+++ SOURCE DATA

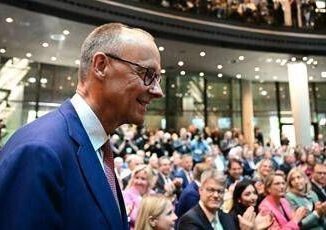 Germania, Merz pronto a giurare come cancelliere: Bundestag al voto 4 Germania Merz pronto a giurare come cancelliere Bundestag al voto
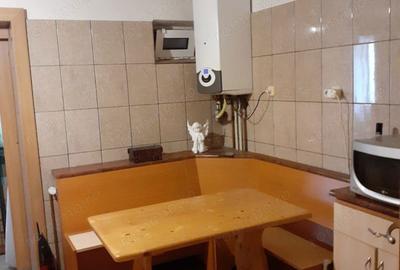 Apartament cu 3 camere decomandat în Complex Studențesc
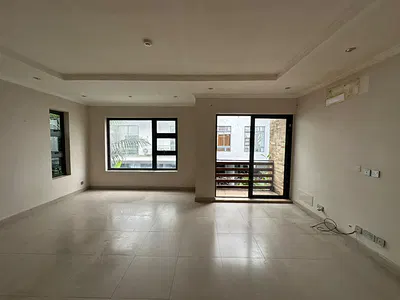 Luxury 4 Bedroom Townhouse with BQ and Pool — Ikoyi, Lagos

++++++

Print out the whole listing word for word. Leave the pictures out.

 Germania, Merz pronto a giurare come cancelliere: Bundestag al voto 4 Germania Merz pronto a giurare come cancelliere Bundestag al voto
 Apartament cu 3 camere decomandat în Complex Studențesc
 Luxury 4 Bedroom Townhouse with BQ and Pool — Ikoyi, Lagos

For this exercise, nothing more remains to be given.